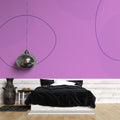 Modern purple geometric wallpaper mural creating depth in a minimalist living room with grey furniture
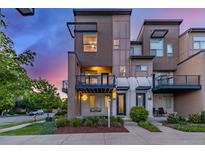 Charming three-story townhouse featuring a private balcony and modern design at 10305 Martin Luther King Blvd, Denver, CO 80238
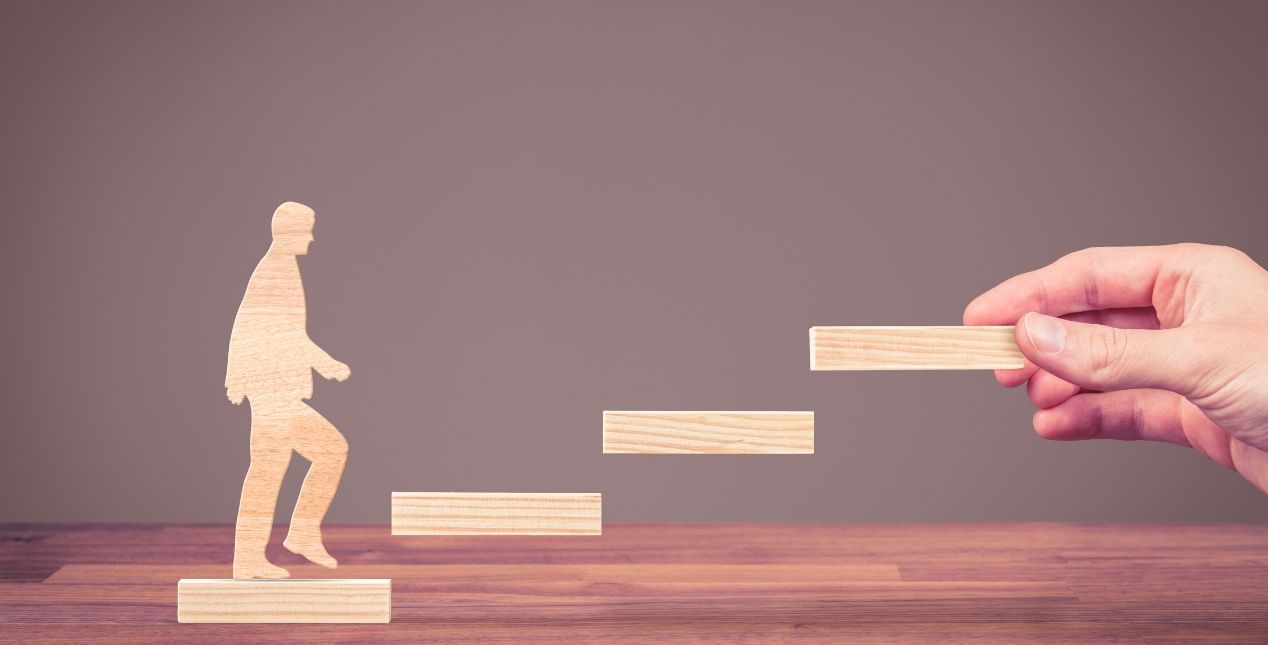 a hand holding up a step for a wooden man to climb up.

■ Task statement
Copy every line above exactly; images stay out.

■ Output for this task
 Modern purple geometric wallpaper mural creating depth in a minimalist living room with grey furniture
 Charming three-story townhouse featuring a private balcony and modern design at 10305 Martin Luther King Blvd, Denver, CO 80238
 a hand holding up a step for a wooden man to climb up.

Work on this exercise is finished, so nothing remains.